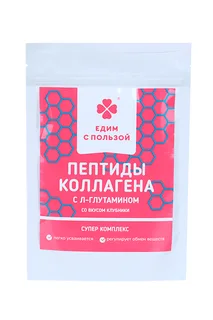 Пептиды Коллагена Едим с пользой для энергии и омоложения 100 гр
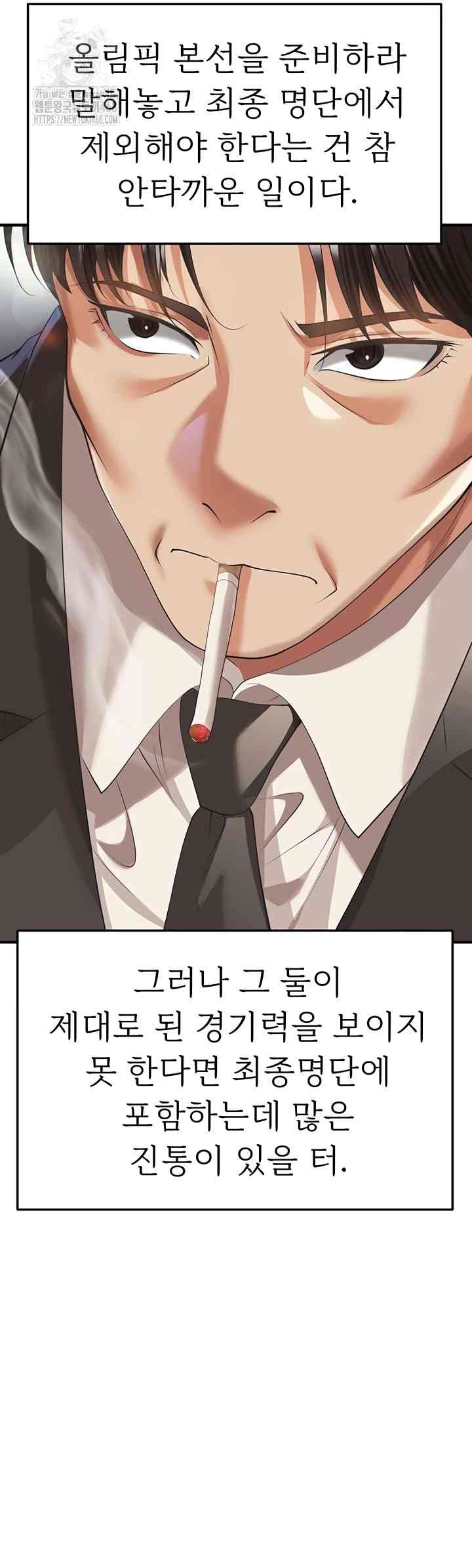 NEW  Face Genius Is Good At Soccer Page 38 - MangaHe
* * *
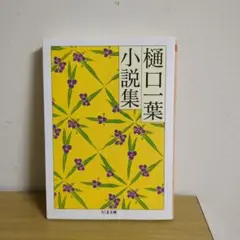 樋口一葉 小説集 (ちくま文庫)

» ASSIGNMENT
Only one stretch of the material above is wanted: the line containing "Пептиды Коллагена Едим" through the line containing "38 - MangaHe". Restate it word for word, minus the pictures.

» EXERCISE ANSWER
 Пептиды Коллагена Едим с пользой для энергии и омоложения 100 гр
 NEW  Face Genius Is Good At Soccer Page 38 - MangaHe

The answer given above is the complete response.